We plan, we look at charts, we talk to aviation weather briefers, but the weather is always changing. Wouldn’t it be great if there were some tool we could use in the cockpit to help us gauge these changes?
There is. It’s called Automatic Dependent Surveillance-Broadcast (ADS-B) In, and it provides pilots with the ability to display weather, traffic, and other data on cockpit displays, or wirelessly on a tablet. (See “The ADS-B Mandate,” sidebar.) ADS-B In receivers display the FAA’s Flight Information System-Broadcast data, which uses the 978 MHz datalink frequency to broadcast Nexrad radar images, METARs, terminal aerodrome forecasts, airmets, sigmets, convective sigmets, pireps, and winds and temperatures aloft, among other information. An ADS-B receiver can be mounted in the panel of the aircraft, or it can be a portable unit.

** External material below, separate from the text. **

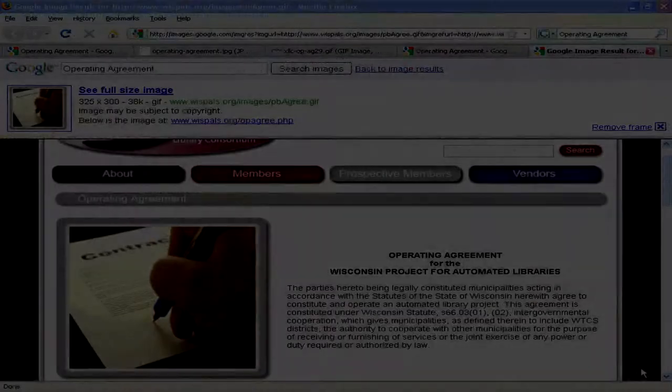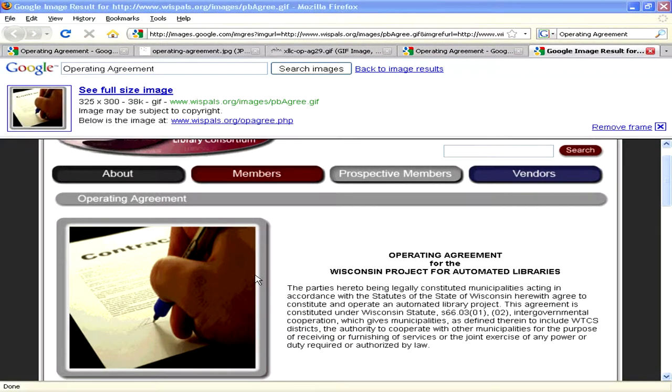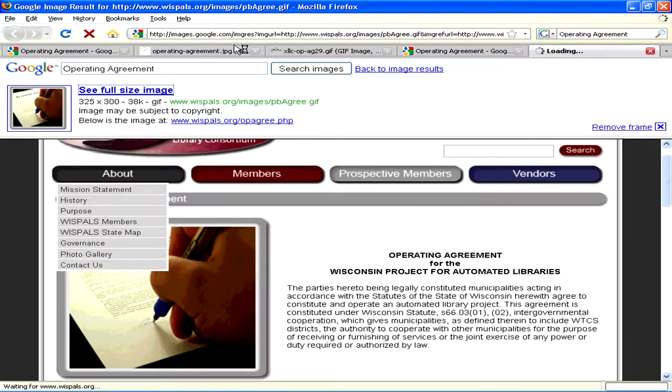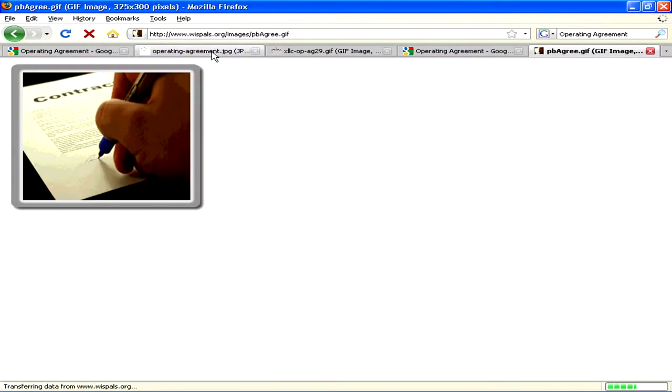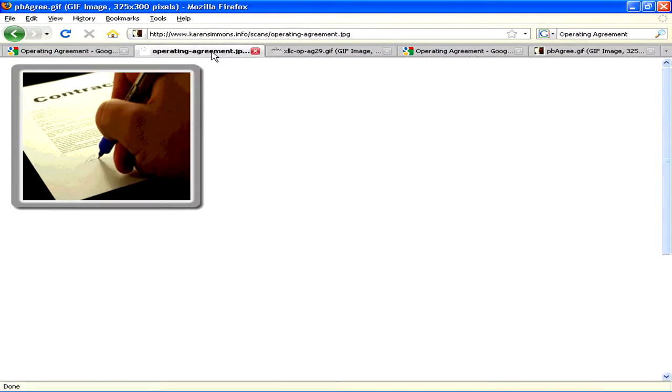My name is Mark and we're going to look at how to write an operating agreement. An operating agreement contains the internal rules and regulations of the organisation. When you set up your private or limited liability company, you have to have an internal set of rules and regulations that you formally agree to in terms of what you are setting out to achieve with the business.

That’s a lot of great info, but prudent pilots must remember: Datalink weather isn’t instantaneous. Some radar images can take as much as 15 minutes to refresh. And 15 minutes is a very long time when you’re looking at troubling weather ahead.
Use datalink weather as another tool in flight, but don’t let it substitute for good preflight planning. Learn as much as you can about the weather you’ll encounter, and know where to go if conditions change and you need to divert.